Omaopio is a farming area on the slopes of the volcano Haleakala (or Hale Akala) on the island of Maui.  The western side of Haleakala is commonly known as Kula. In Kula ridges of land run up the slopes of the volcano. Omaopio refers to a ridge of land that contains the road named Omaopio Road. It is north of another ridge of land commonly known as Pulehu.
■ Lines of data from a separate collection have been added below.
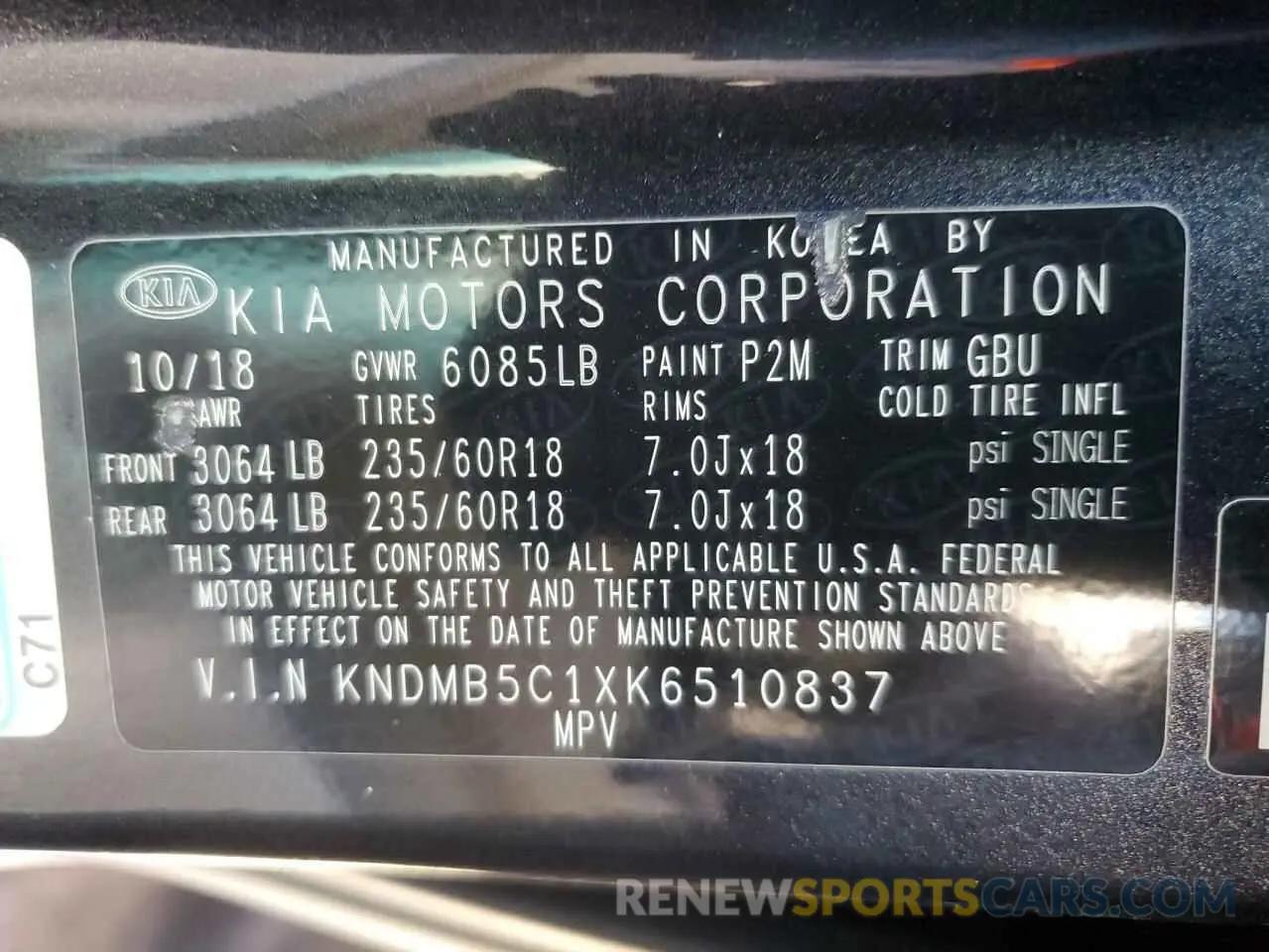 13 Фотография поврежденного автомобиля KNDMB5C1XK6510837 KIA All Models 2019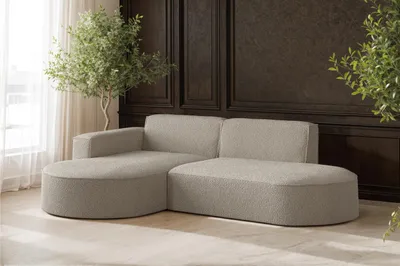Obrázek produktu pro Rohová pohovka, designová pohovka ve tvaru L Modena látka Quelle Tmavě béžová Vlevo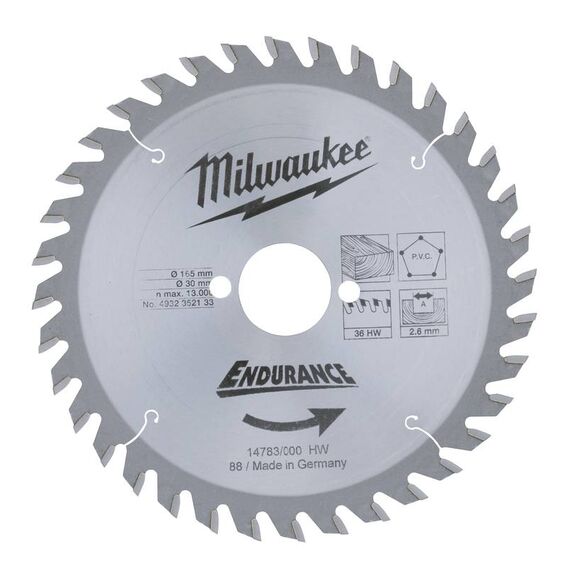 Пильный диск по дереву Milwaukee WCSB 165 x 30 x 2.6 36T для циркулярной пилы - 4932352133, Диаметр диска (мм): 165, Посадочный диаметр (мм): 30, Модель: WCSB 165 x 30 x 2.6 36T, внеший вид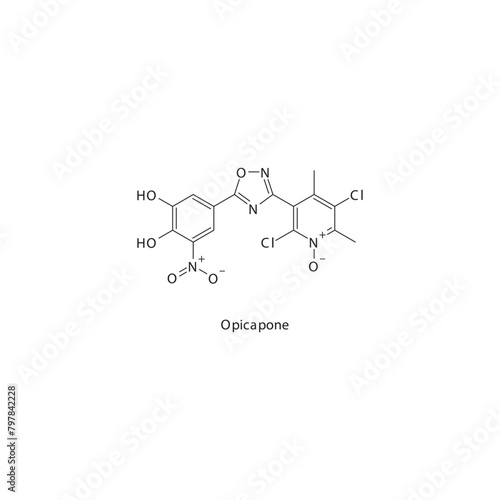 Opicapone flat skeletal molecular structure COMT inhibitor drug used in Parkinson's disease treatment. Vector illustration scientific diagram.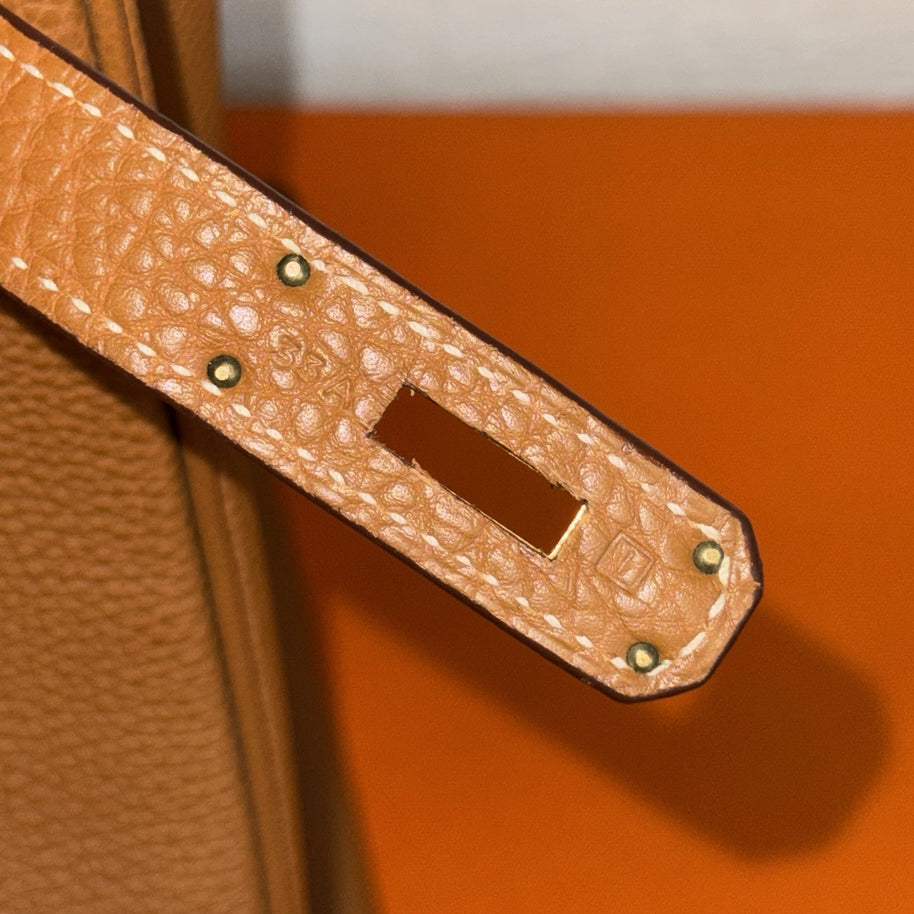 Hermes Birkin Bag 40 Veau Togo Leder Braun/Beige & Gold mit Orig. Rechnung!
Omaopio is reached by taking Pulehu Road east. Omaopio Road forks to the left, away from Pulehu Road about five miles east of Hansen Road and continues up the slope of the volcano. About two miles past the fork with Pulehu Road begins the area of Omaopio. Omaopio can also be reached by taking the Haleakala Highway east past the town of Pukalani and continuing on the Kula Highway until the intersection of Kula Highway and Omaopio Road, and then turning right or left. Waipuna Chapel lies on the southeast side of the intersection.  Omaopio Road ends about two hundred yards above Kula Highway where it connects to Lower Kula Road.

Omaopio was originally settled by several Japanese families.  It has been and still is a farming community with very rich soil. Traditional crops include the Kula onion (Granex), broccoli,  beans, and cabbage.  Recently, coffee (arabica) has been introduced. Traditional animals include goats, hogs and cattle.  More recently the area has seen a large influx of horses, and commercial stables. Sugar cane fields bracketed the lower end of the road, but crop plantings were discontinued in 2016.

At the lower end of Omaopio Road is Surfing Goat Dairy which produces more than 30 different goat's milk cheese. Sixteen of the cheeses have won a National Award since 2004. Surfing Goat Dairy offers tours of the dairy farm nearly daily.